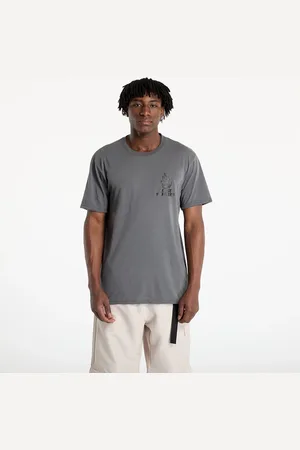 Horsefeathers Tričko Reckless Tech T-Shirt S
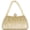 Gold, variant on 2026 Sparkly Rhinestones Clutch Purses for Women 3d Crystal Evening Bags PU Leather Handbag for Party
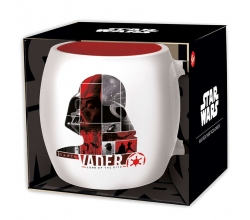 Taza Star Wars Darth Vader...
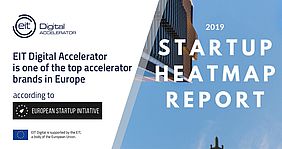 Startup Heatmap Report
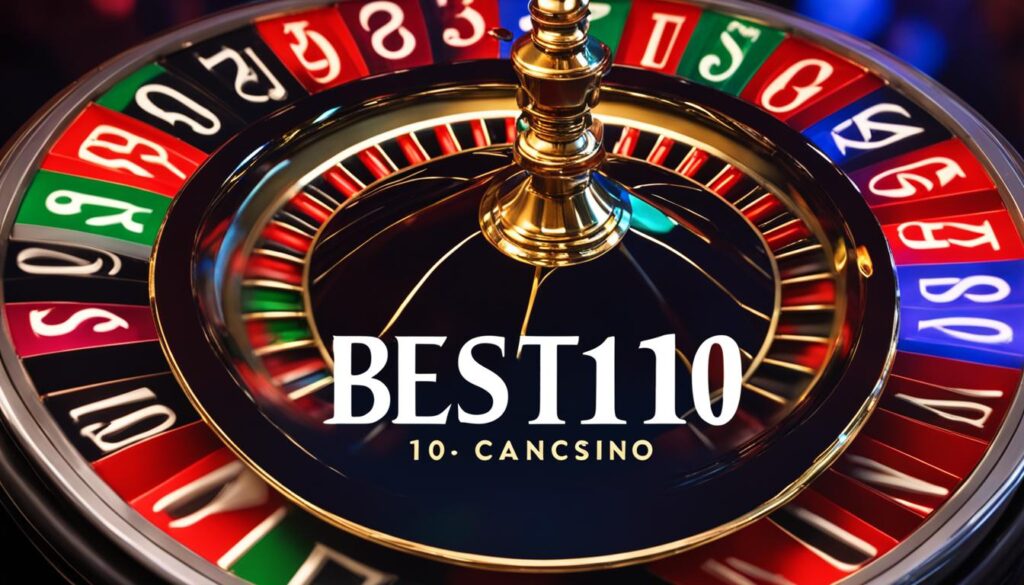 Bets10 Casino Bets10 Casino
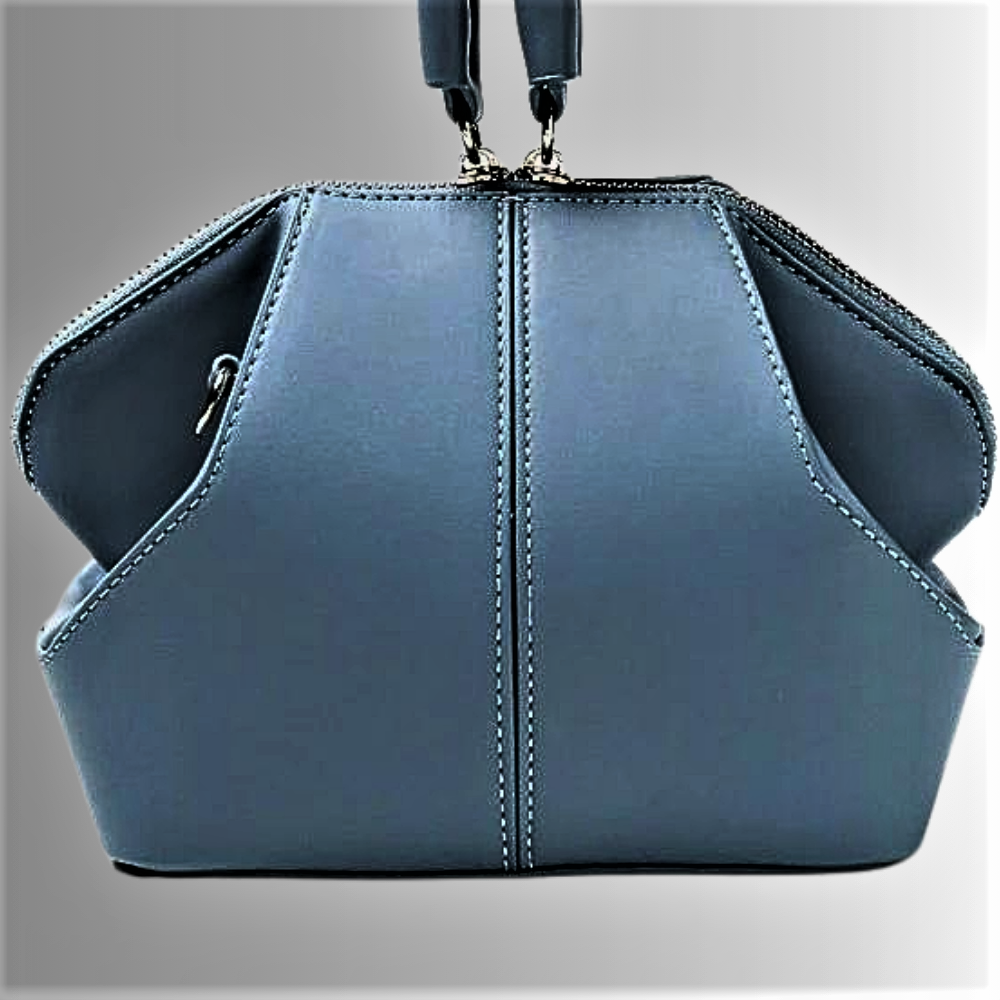 Mini Bolso con Diseño Revolucionario Encuentro entre Arte y Moda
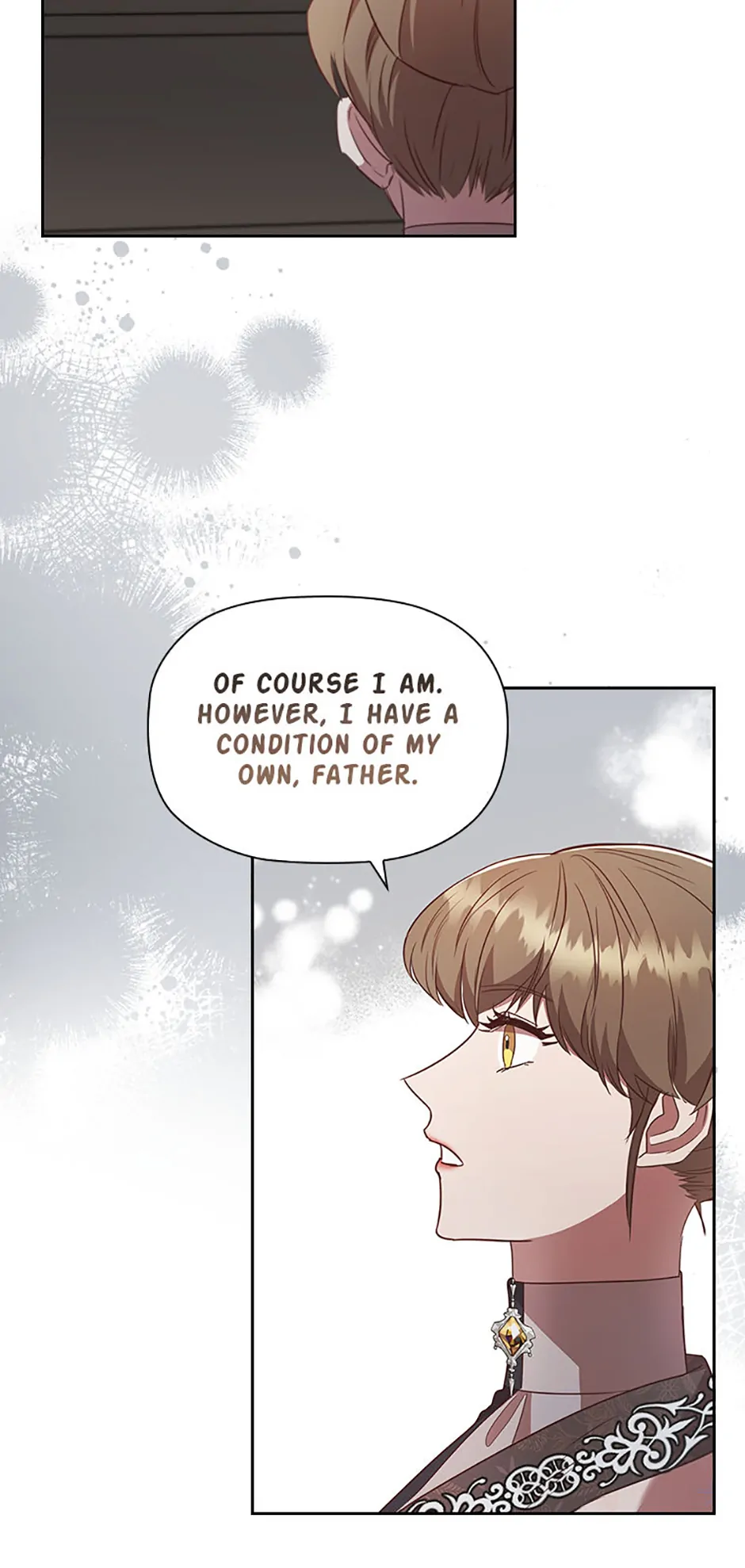 An Extra in the Family Is the First to Be Abandoned Chapter 92 - Page 33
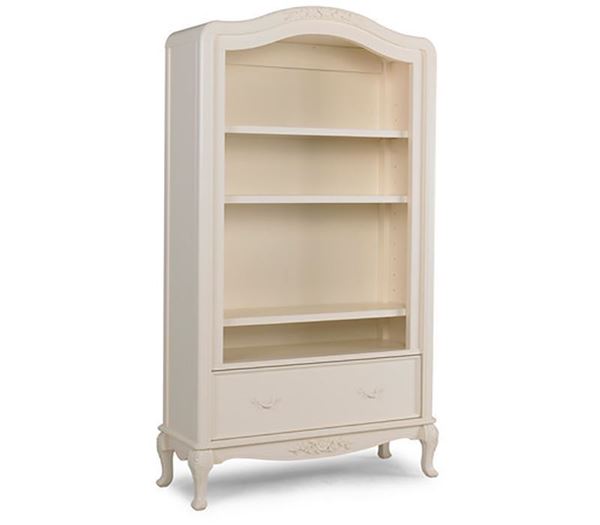 Picture of Dolce Baby Angelina BOOKCASE French Vanilla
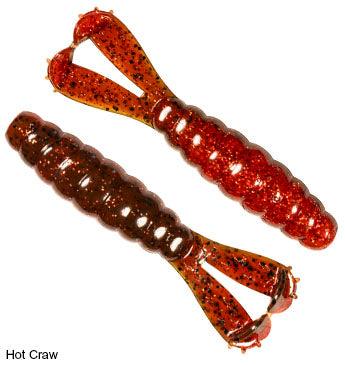 Z Man Baby Goat 6pk Hot Craw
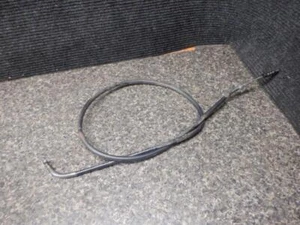 99 Kawasaki Vulcan 500 EN500 Clutch Cable 1k - Picture 1 of 4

==========

How to complete this task:
The entries are to be reproduced exactly, excluding any pictures they contain.

Response for this exercise:
 Horsefeathers Tričko Reckless Tech T-Shirt S
 Gold, variant on 2026 Sparkly Rhinestones Clutch Purses for Women 3d Crystal Evening Bags PU Leather Handbag for Party
 Taza Star Wars Darth Vader...
 Startup Heatmap Report
 Bets10 Casino Bets10 Casino
 Mini Bolso con Diseño Revolucionario Encuentro entre Arte y Moda
 An Extra in the Family Is the First to Be Abandoned Chapter 92 - Page 33
 Picture of Dolce Baby Angelina BOOKCASE French Vanilla
 Z Man Baby Goat 6pk Hot Craw
 99 Kawasaki Vulcan 500 EN500 Clutch Cable 1k - Picture 1 of 4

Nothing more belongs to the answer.